From: Rogerio Luz Coelho
Subject: Re: [Gnumed-devel] Re: Possible solution for altering date formats (Debian)?
Date: Thu, 2 Jul 2009 14:17:58 -0300

For me it's not the way I see the date, and this date not being what I am acostumed to ( dd-mm-yyyy) but if it CLEARLY says somewhere that the way GNUmed understands dates is YYYY-MM-DD , it will be ok ... what I think bothers me most is the CONFUSION, we may as well define a format now and end all this ...

I propose YYYY-MM-DD as it is ISO.

Rogerio



2009/7/2 Karsten Hilbert <address@hidden>
On Wed, Jul 01, 2009 at 07:24:19PM -0700, Jim Busser wrote:

> Solved! See below

Good.

>> Do you have "locales-all" installed ?
>
> I am not sure of the rationale (i.e. need) to install *all* locales and
> to consume hundreds of Mb to do so.

There is no need per se except for getting rid of some
headaches (as you experienced with this) at a nowadays petty
cost:

       apt-cache show locales-all | grep Installed-Size

               Installed-Size: 2796

This is roughly 3 Megabytes which fits into the cache of
modern CPUs let alone graphics adapters ...

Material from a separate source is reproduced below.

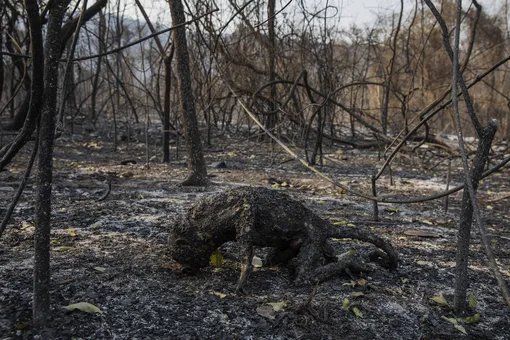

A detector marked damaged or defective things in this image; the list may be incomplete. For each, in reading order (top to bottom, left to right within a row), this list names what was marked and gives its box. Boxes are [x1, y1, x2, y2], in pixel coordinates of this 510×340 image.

>> all the LC_* can be set independently
>
> there was something in the Debian documentation about LANG serving to
> override some LC_settings, that was why I was looking at LANG

You are correct there. The locale system is fragile IMO.

> no but it is unclear how to set it at the user level

Easiest (AFAICT) is to set it manually.

> and despite that
> some Debian/Ubuntu postings suggest that the Gnome GUI menus are
> supposed to provide
>
>       System > Administration > Language Support
>
> but my lenny does not.

This may depend on some parts of the configuration UI being
installed or not - that would be my first guess there.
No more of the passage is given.